> **Material shown**

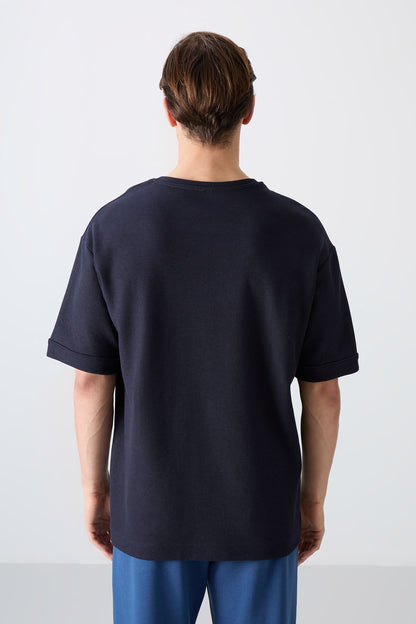 Navy Blue Textured Thick Surface Cotton Oversize Fit Basic Men's T-Shirt - 88339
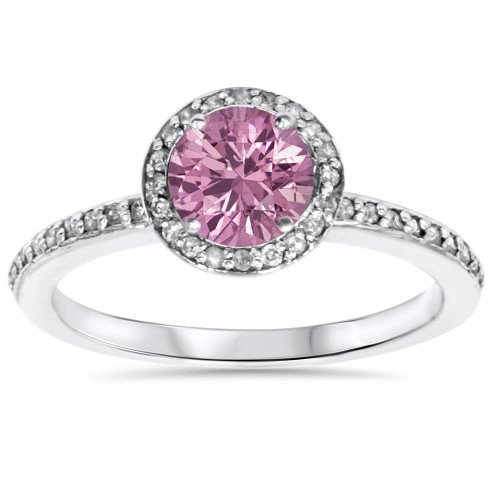 3/4ct Simulated Pink Sapphire & Genuine Diamond Halo Ring 14K White Gold (H-I, I2-I3)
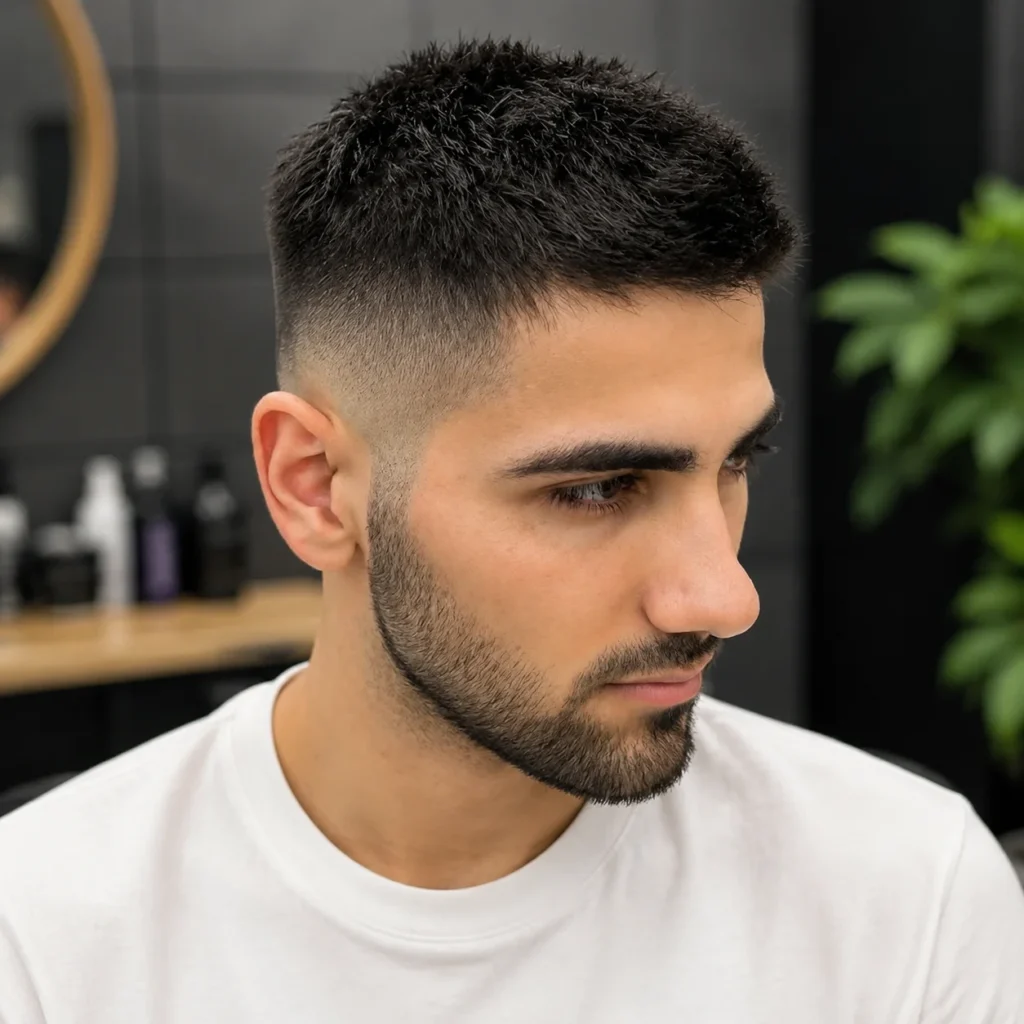Pria muda dengan potongan rambut fade yang tajam dan janggut di barbershop modern.
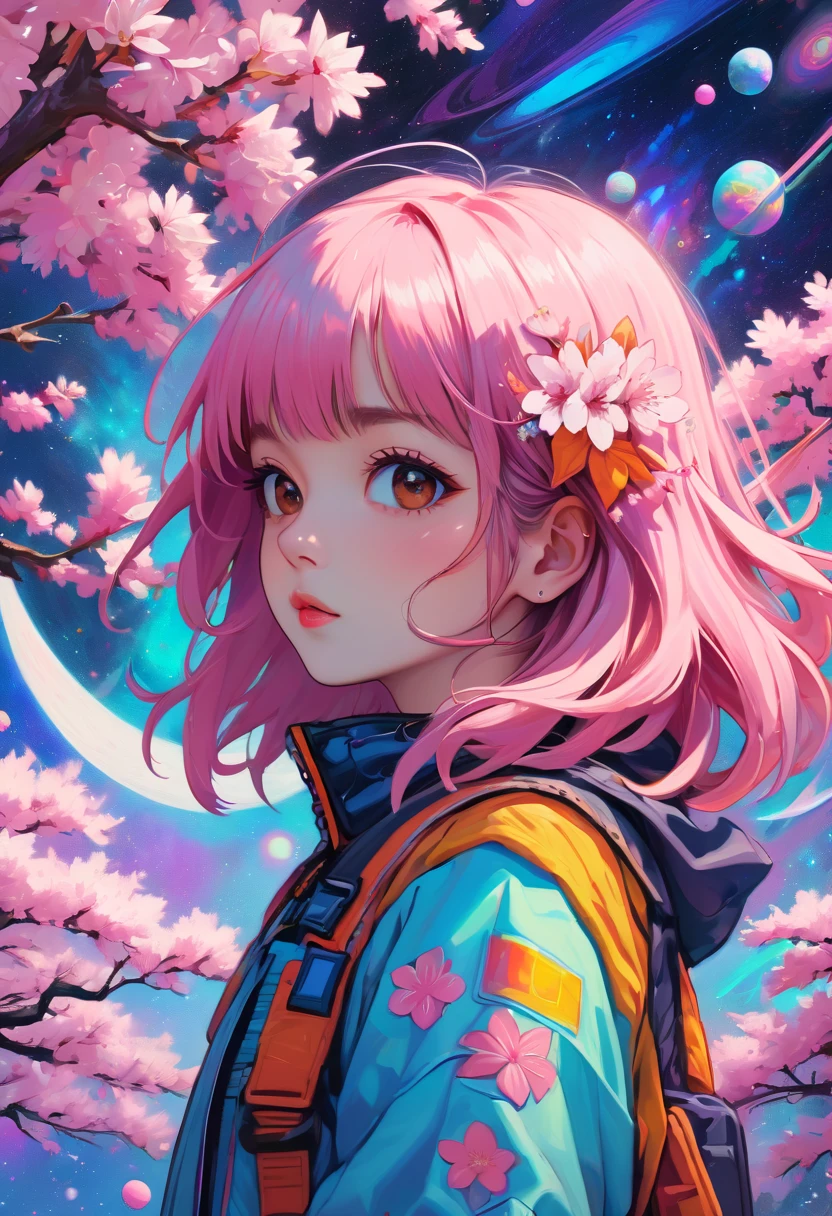 Psychedelic Sakura Space , Very detailed, Vibrant Color Lisa Candid Style,Sakura girl, Layered art,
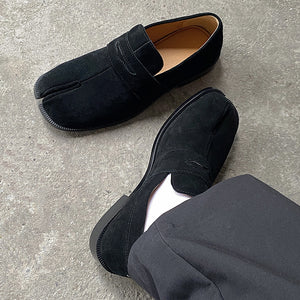 Suede Tabi shoes brown smart style split toe loafers going out coctail party boots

> **Problem statement**
Quote, please, every line of the material above from its start through the line that has "Pria muda dengan", reproducing the words exactly and dropping any images.

> **Response area**
 Navy Blue Textured Thick Surface Cotton Oversize Fit Basic Men's T-Shirt - 88339
 3/4ct Simulated Pink Sapphire & Genuine Diamond Halo Ring 14K White Gold (H-I, I2-I3)
Pria muda dengan potongan rambut fade yang tajam dan janggut di barbershop modern.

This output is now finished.